Hamlet and Copenhagen

From being a little-known, little-understood country wedged between mainland Europe and the rest of Scandinavia, Denmark has morphed into an international cultural powerhouse.

Copenhagen is a welcoming, compact city with a centre largely given over to pedestrians and cyclists. There’s an emphasis on café culture and top-notch museums by day, and a thumping live music, bar and club scene by night. Festivals like Distortion (June) and the Jazz Festival (July) show the city off at its coolest and most inventive.

The Little Mermaid. A bronze statue of the Hans Christian Andersen character and paid for by the founder of the Carlsberg brewery, she remains the most enduring symbol of the city.

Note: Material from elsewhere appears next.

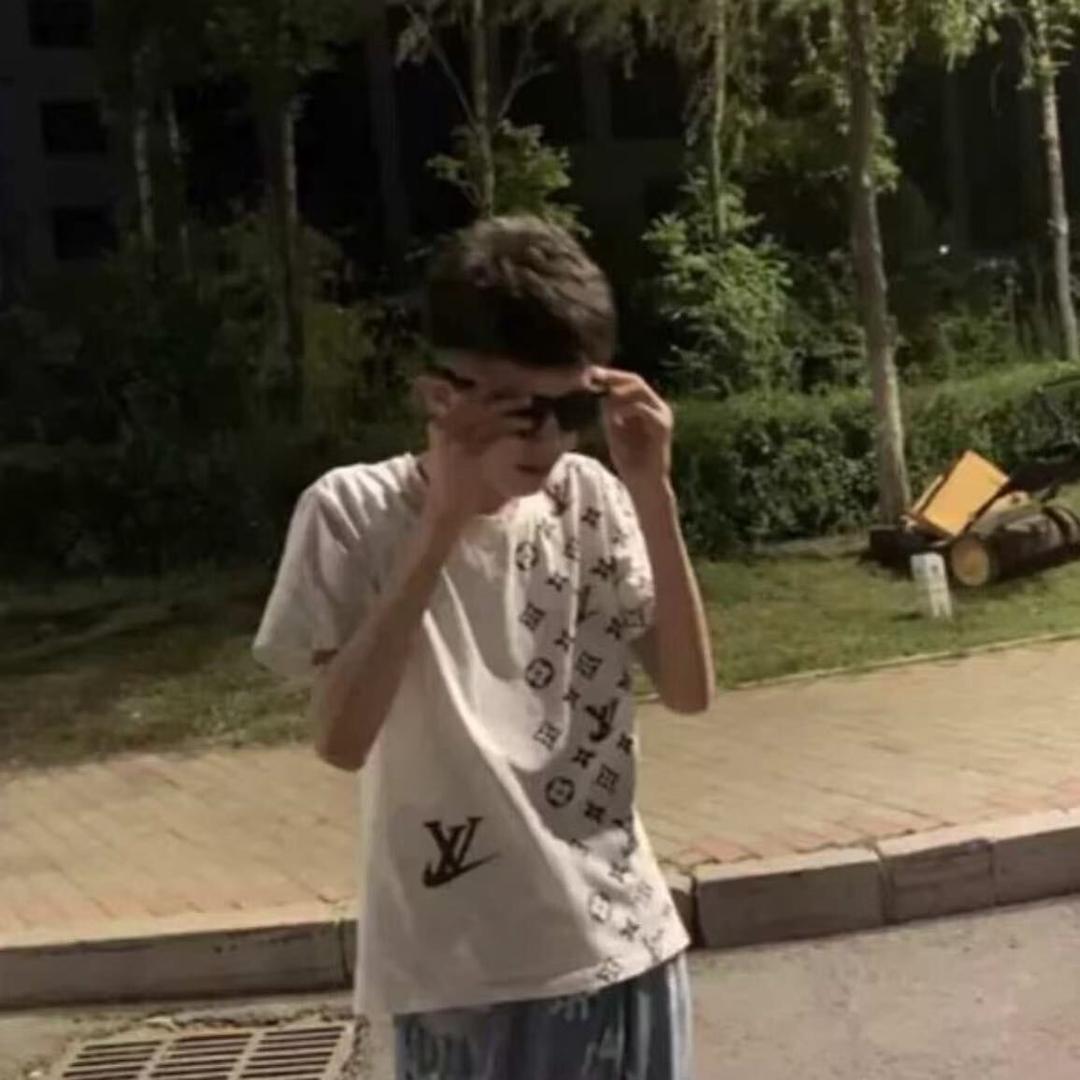 别睡过头a.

Copenhagen’s finest classical and modern art gallery must be Ny Carlsberg Glyptotek. There’s a knockout selection of Greek and Roman sculpture on the first floor as well as some excellent examples of modern European art, including Degas casts, Monet’s The Lemon Grove and works by Gauguin, Van Gogh and Danish Golden Age artists like Eckersberg.

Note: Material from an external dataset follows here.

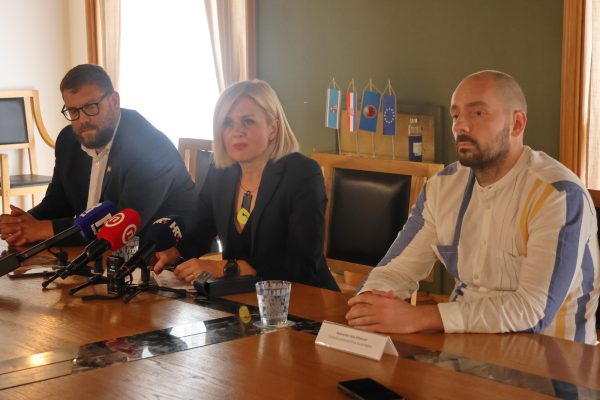 Rinčić, Vivoda i Milaković konferencija za medije (12)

Head out on the coastal road passing fashionable and exclusive residential areas on the way to Elsinore to see the impressive Kronborg Castle, which was the scene of Hamlet, one of the most famous and frequently performed stage plays in the world. Since the 1600s, countless theatrical productions at the castle and at many other venues have endeavoured to keep the legend of Hamlet alive. That is why Kronborg is now known all over the world as Hamlets castle, and Elsinore is known as the Town of Hamlet. The castle was built between 1574 and 1585 to protect Danish interests and also to protect the Danish treasury by levying tolls on the shipping which passed through the narrow straits.